Personal information
- Full name: Karl Adam
- Date of birth: 4 February 1924
- Date of death: 9 July 1999 (aged 75)

Youth career
- 1940–1944: Koblenz

Senior career*
- Years: Team / Apps / (Gls)
- 1944 – ~1945: Dresden sports club

= Karl Adam (footballer) =

German footballer

Karl Adam (4 February 1924 – 9 July 1999) was a German footballer who played three times for the Germany national football team between 1951–1952.

==Life==

Adam began his career in Koblenz at the age of 16 and by the age of 20, having made himself a career in a post office, he played in the Dresden sports club as a colleague of Helmut Schoen. After the end of the Second World War, Adam returned to Koblenz and was used as a goalkeeper for his club, turning out good performances week after week and attracting attention from 1. FC Kaiserslautern, at which point he would find himself in the midst of players such as Fritz Walter, Ottmar Walter, Werner Kohlmeyer, Werner Liebrich and Horst Eckel.

He began to play for Kaiserslautern, displacing Willi Hoelz at the first opportunity he got at the beginning of the 1950–51 season. However, he started making mistakes at the end of the season, compounded further by problems in the defence. Adam infuriated the Koblenz board and was only able to appear in one game in the season.
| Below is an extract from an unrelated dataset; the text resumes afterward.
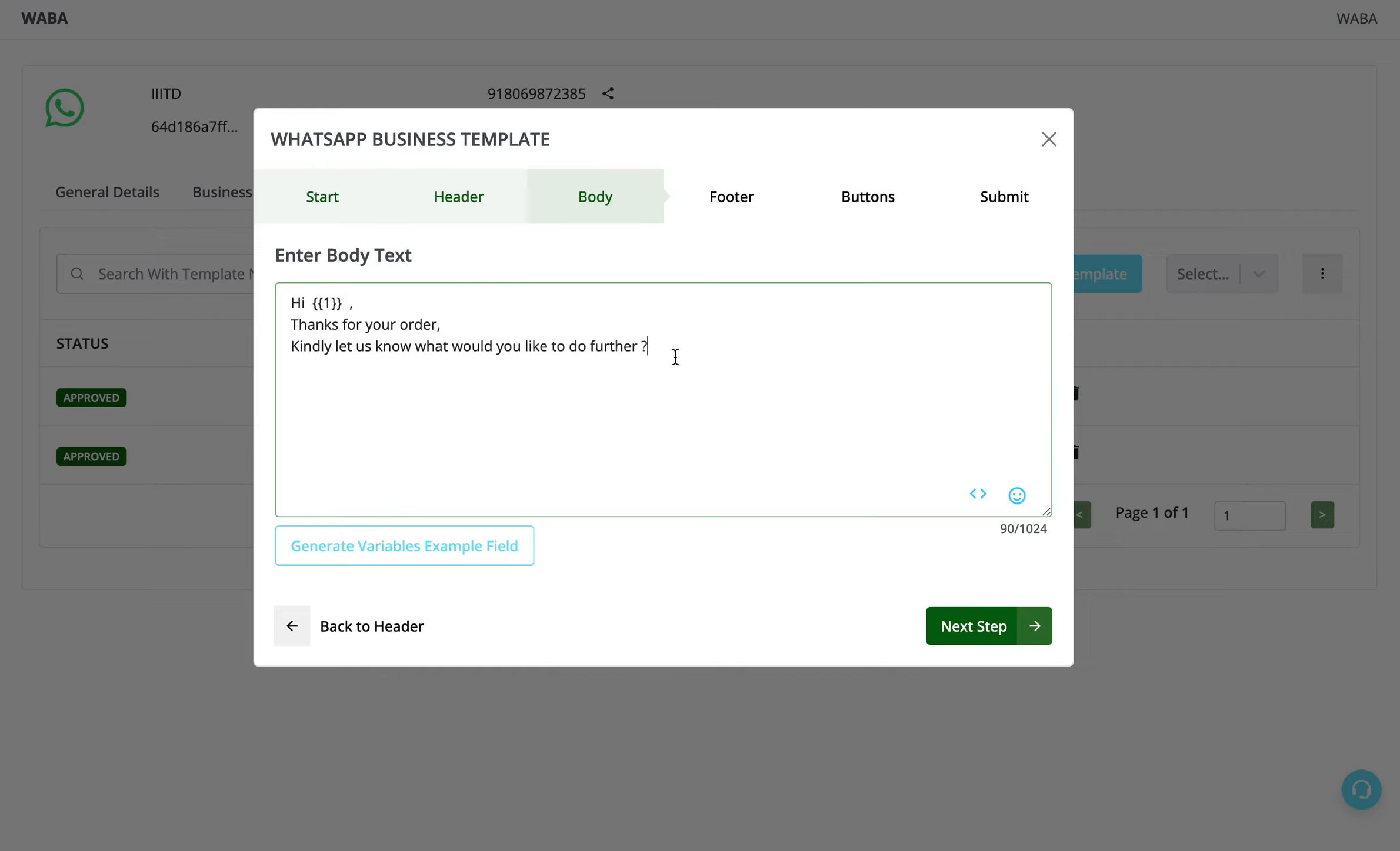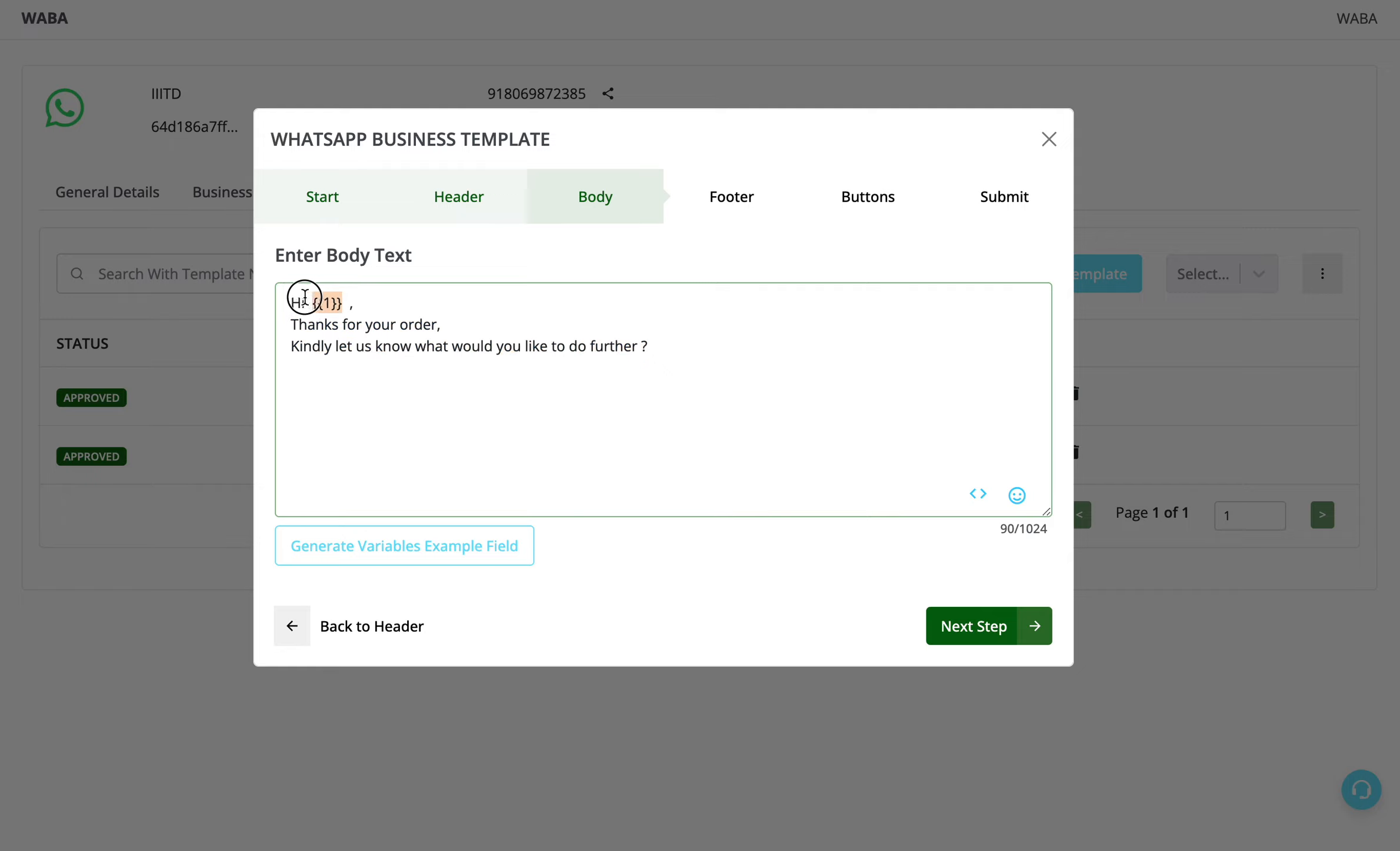So this body has only one variable, but you can add more than one by clicking this icon. This would be basically fixed content, and this variable you can change when you're actually sending the message. Now Meta wants an example of what you're going to send.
Following a good result on the last day of the season, Adam was thrust immediately into the Germany national team. He made his debut in a 2–0 victory on 21 November 1951 against Turkey in Istanbul, and continued to make two more appearances in international victories against Luxembourg and Ireland, before new goalkeepers came to the front of competition.

Adam finished his football career in 1955 after a recurring knee injury stopped him from playing.